Since courts which are required to decide, whether the condemnation of a vessel and cargo by a foreign tribunal have effected a change of property, may inquire whether the sentence were pronounced by a court which, according to the principles of national law, could have jurisdiction over the subject, this court must inquire whether, in conformity with that law, the tribunal sitting at St. Domingo to punish violations of the municipal laws enacted by its sovereign, could take jurisdiction of a vessel seized on the high seas for infracting those laws, and carried into a foreign port.

In prosecuting this inquiry, the first question which presents itself to the mind is, what act gives an inchoate jurisdiction to a court?

It cannot be the offence itself. It is repugnant to every idea of a proceeding in rem, to act against a thing which is not in the power of the sovereign under whose authority the court proceeds; and no nation will admit that its property should be absolutely changed, while remaining in its own possession by a sentence which is entirely ex parte. Those on board a vessel are supposed to represent all those who are interested in it, and if placed in a situation which requires them to take notice of any proceedings against a vessel and cargo, and enables them to assist the rights of the interested, the cause is considered as being properly heard, and all concerned are parties to it. But the owners of vessels navigating the high seas or lying in port, cannot take notice of any proceedings which may be instituted against those vessels in foreign countries; and consequently such proceedings would be entirely ex parte, and a sentence founded on them never would be, and never ought to be regarded..

The offence then alleged to have been committed by the Sarah could not be cognizable by the Court of St. Domingo,

until some other act were performed, which should make the owners of the vessel and cargo parties to the proceedings instituted against them, and should place them within the legitimate power of the sovereign, for the infraction of whose laws they were to be confiscated. There must be a seizure in order to vest the possession or the thing in the offended sovereign, and enable his courts to proceed against it. This seizure, if made either by a civil officer or a cruiser, acting under the authority of the sovereign, vests the possession in him, and enables him to inquire by his tribunals constituted for the purpose, into the allegations made against and in favour of the offending vessel. Those interested in the property which has been seized are considered as parties to this inquiry; and all nations admit that the sentence, whether correct or otherwise, is conclusive. Will a seizure de facto, made without the territorial dominion of the sovereign under cover of whose authority it is made, give a court jurisdiction of a thing never brought within the dominion of that sovereign?

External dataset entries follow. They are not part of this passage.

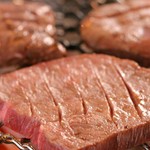 熟成ローストビーフは低温でしっかり寝かせた人気のメニュー♪1枚が大きく食べ応えがしっかりしているのも当店の特徴です。多彩なワインとの親和性も抜群な、女子人気の高いメニューです。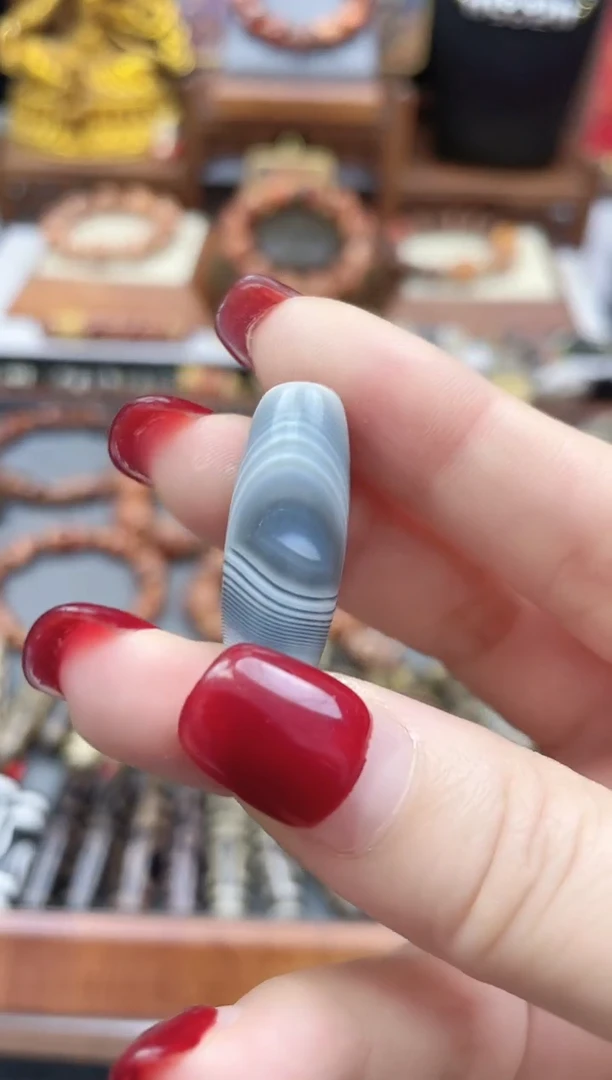 玛瑙/玉髓散珠天然缠丝单珠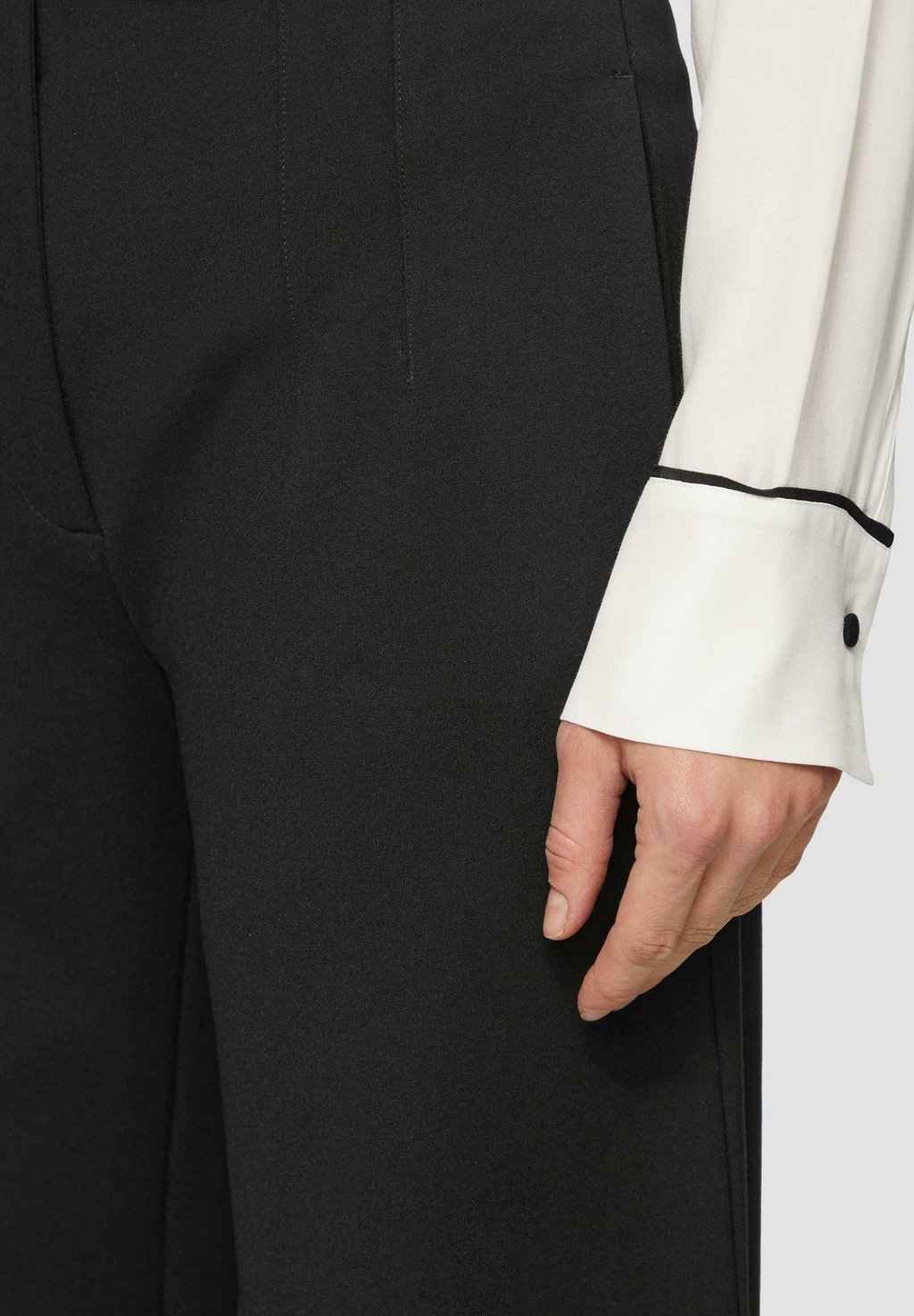 Брюки WIDE-LEG s.Oliver BLACK LABEL, черный
Брюки WIDE-LEG s.Oliver BLACK LABEL, черный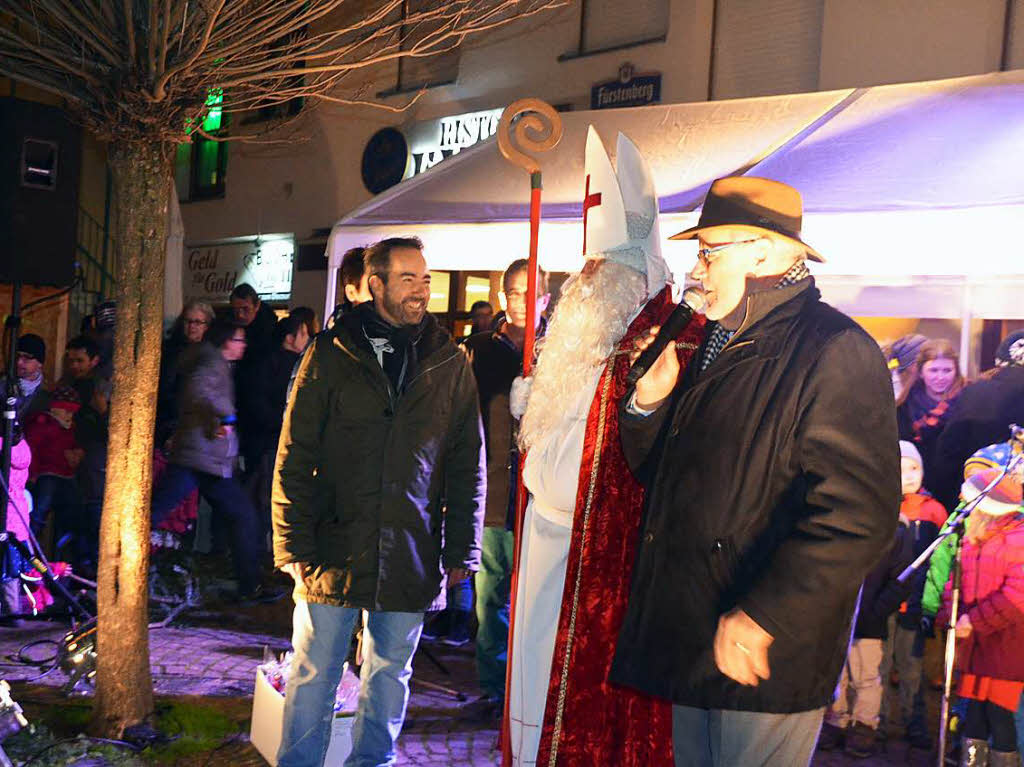 Weihnachtsmarkt in Herbolzheim: Brgermeister Ernst Schilling und HuG-Vorsitzender Philipp Ulmer zeigten sich ber den guten Besuch des Weihnachtsmarkts sehr erfreut.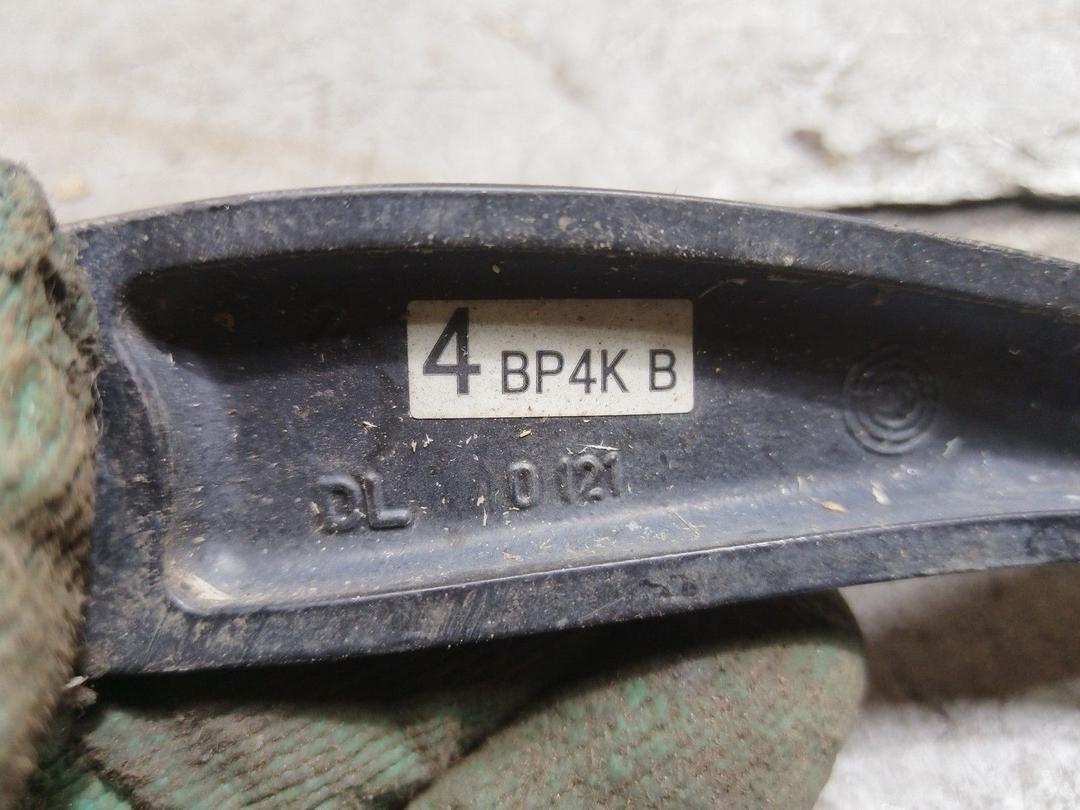 Щеткодержатель (поводок стеклоочистителя, дворник) 1N2IZ1 Mazda 3 купить в магазине запчастей бу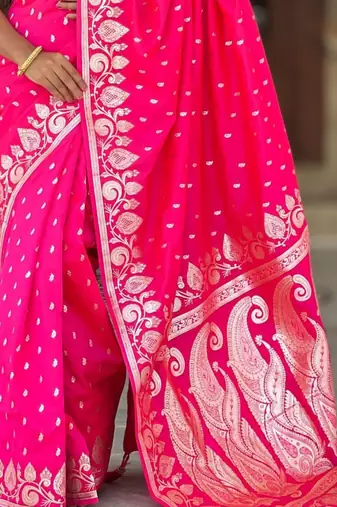 Pink paisley zari silk blend handloom banarasi saree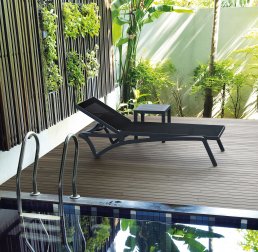 Столик пластиковый для лежака Ocean Side Table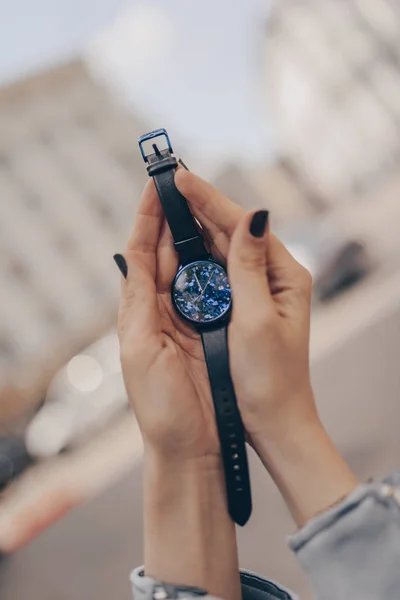 Beautful horloge in vrouw handen — Stockfoto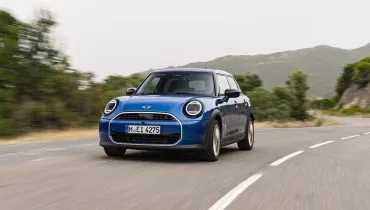 Novo Mini Cooper S 5 portas chega ao Brasil em duas versões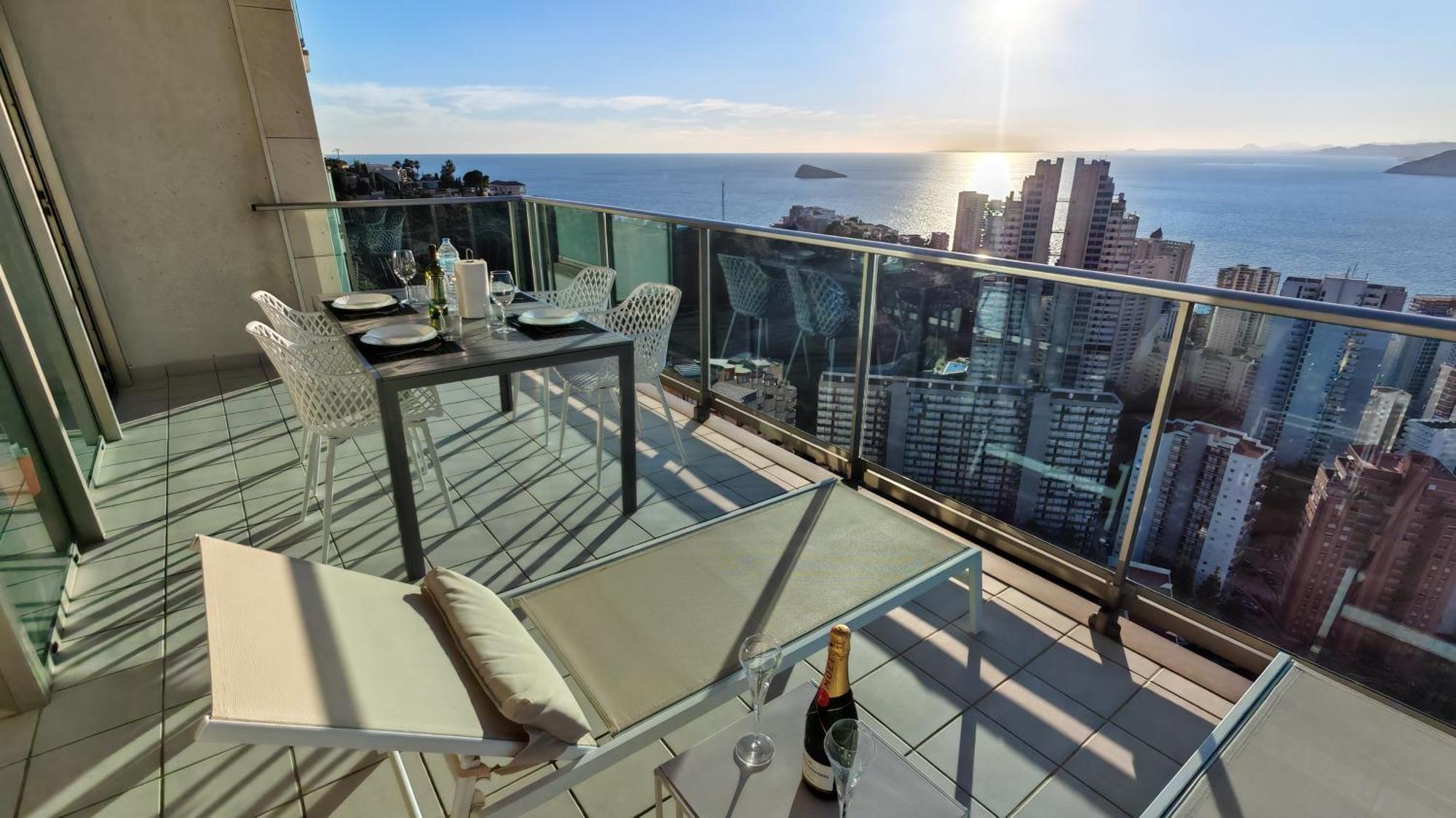 Апартаменты Skyline Floor 28 Sea Views Бенидорм Экстерьер фото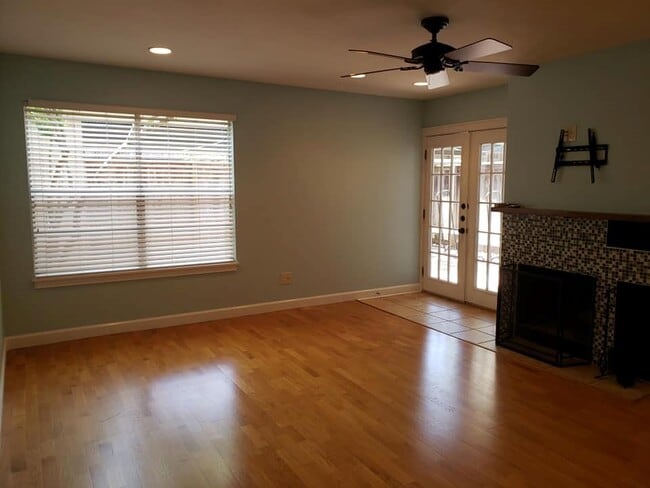 Building Photo - 2002 Voltaire Dr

This is a question on which considerable difficulty has been felt, and on which some contrariety of opinion exists. It has been doubted whether proceedings denominated judicial are in such a case merely irregular or are to be considered as absolutely void, being coram non judice. If merely irregular, the courts of the country pronouncing the sentence were the exclusive judges of that irregularity, and their decision binds the world; if coram non judice the sentence is as if not pronounced.

It is conceded that the legislation of every country is territorial; that beyond its territory it can only effect its own subjects or citizens. It is not easy to conceive a power to execute a municipal law, or to enforce obedience to that law, without the circle in which that law operates. A power to seize for the infraction of a law is derived from the sovereign, and must be exercised, it would seem, within those limits which circumscribe the sovereign power. The rights of war may be exercised on the high seas, because war is carried on upon the high seas; but the pacific rights of sovereignty must be exercised within the territory of the sovereign.

If these propositions be true, a seizure of a person not a subject, or of a vessel not belonging to a subject, made on the high. seas for the breach of a municipal regulation, is an act which the sovereign cannot authorize. The person who makes this seizure there, makes it on a pretext, which if true, will not justify the act; and he is a marine trespasser. To a majority of the Court it seems to follow that such a seizure is totally invalid; that the possession acquired by the unlawful act is his own possession, not that of the sovereign; and that such possession confers no jurisdiction on the court of the country to which the captor belongs.

This having been the fact in the case of the Sarah, and neither the vessel nor captain, supercargo nor crew having ever been brought within the jurisdiction of the court or within the dominion of the sovereign whose laws were infracted, the jurisdiction of that court over the subject of its sentence never attached, the proceedings were entirely ex parte, and the sentence is not to be regarded.

The case of the Helena already cited may, at first view, be thought a case which would give validity to any seizure whereever made, and would refer the legality of that seizure solely to the sovereign of the captor. But on a deliberate consideration of that case, the majority of the court is of opinion, that this inference is not warranted by it. Several circumstances were concerned in producing the decision which was made, and those circumstances vary that case materially from this.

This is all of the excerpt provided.